Assigned task –
Type out the whole listing again exactly, pictures omitted.

Data shown –
☆ ☆ ☆ ☆ ☆ ☆ ☆

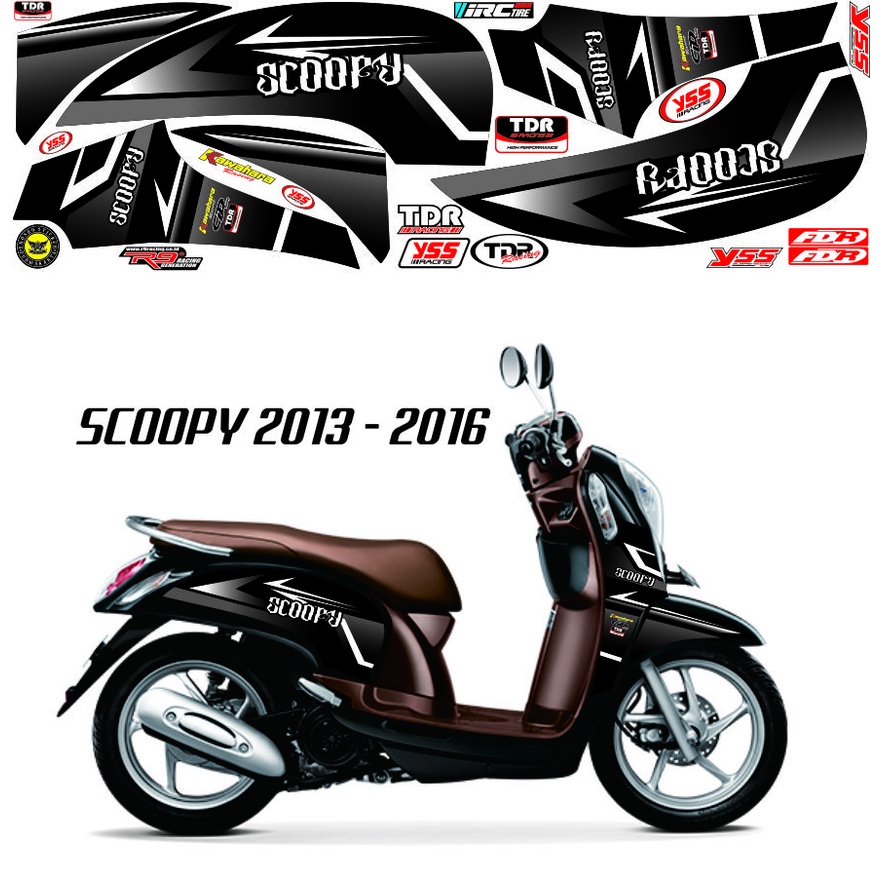 STICKER RACING VARIASI SIMPLE SCOOPY FI STRIPING ALL SCOOPY 2014-2016 STRIPING CUSTOM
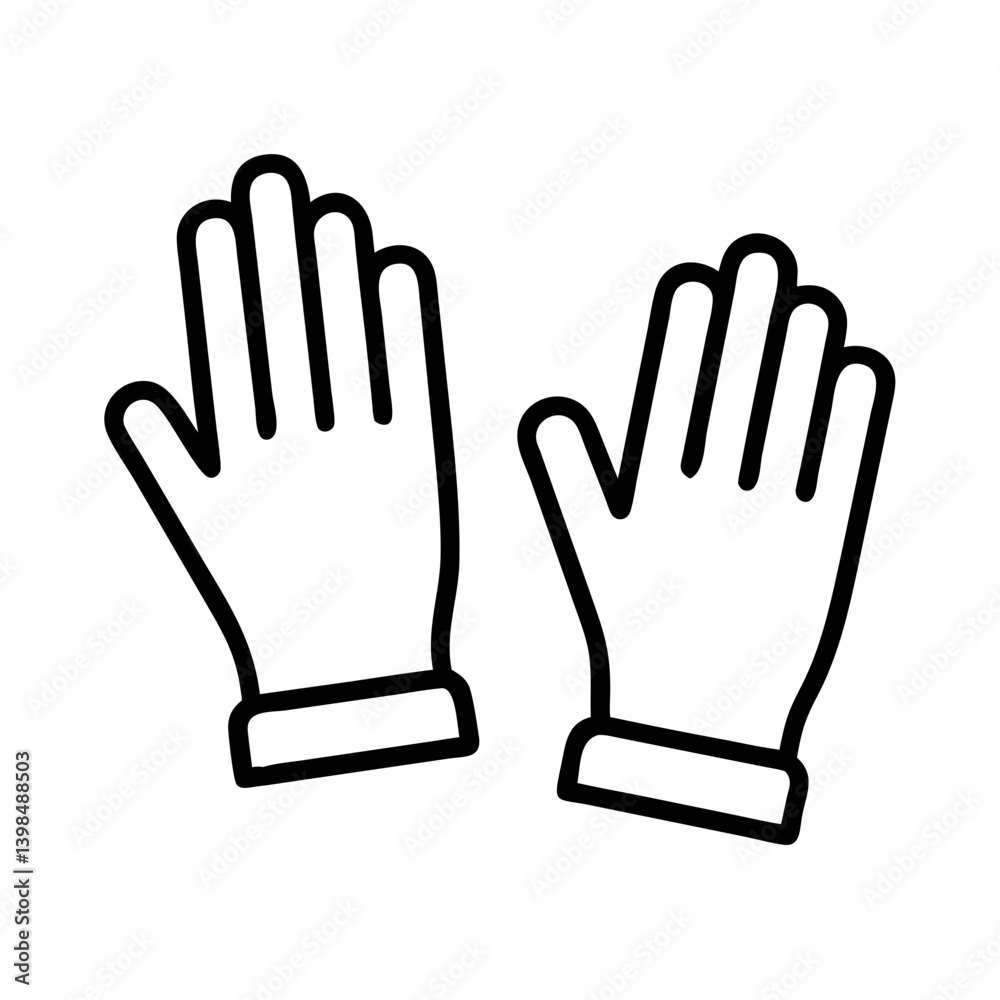 Protective gloves hand wear safety equipment winter gloves work gloves outline vector design Protective gloves hand wear safety equipment winter gloves work gloves outline vector design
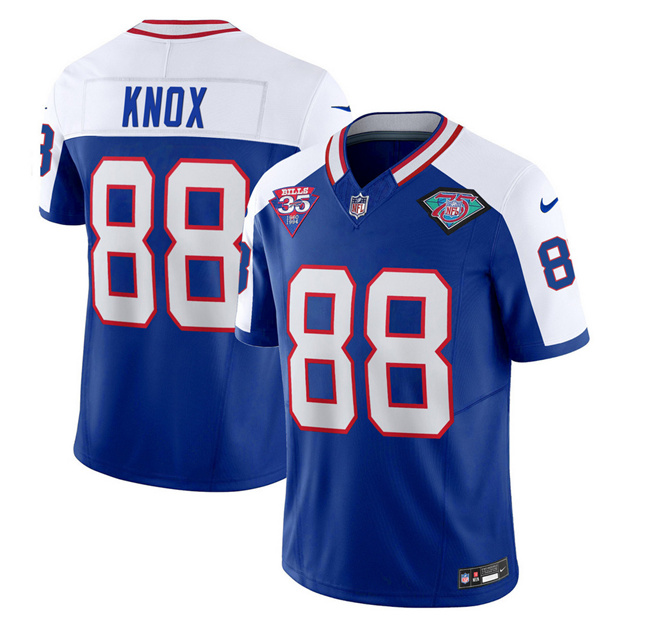 Men's Buffalo Bills #88 Dawson Knox Blue/White 75th Anniversary 2023 F.U.S.E. Throwback Vapor Untouchable Limited Stitched Jersey Men's Buffalo Bills #88 Dawson Knox Blue/White 75th Anniversary 2023 F.U.S.E. Throwback Vapor Untouchable Limited Stitched Jersey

☆ ☆ ☆ ☆ ☆ ☆ ☆

Solution to this problem –
 STICKER RACING VARIASI SIMPLE SCOOPY FI STRIPING ALL SCOOPY 2014-2016 STRIPING CUSTOM
 Protective gloves hand wear safety equipment winter gloves work gloves outline vector design Protective gloves hand wear safety equipment winter gloves work gloves outline vector design
 Men's Buffalo Bills #88 Dawson Knox Blue/White 75th Anniversary 2023 F.U.S.E. Throwback Vapor Untouchable Limited Stitched Jersey Men's Buffalo Bills #88 Dawson Knox Blue/White 75th Anniversary 2023 F.U.S.E. Throwback Vapor Untouchable Limited Stitched Jersey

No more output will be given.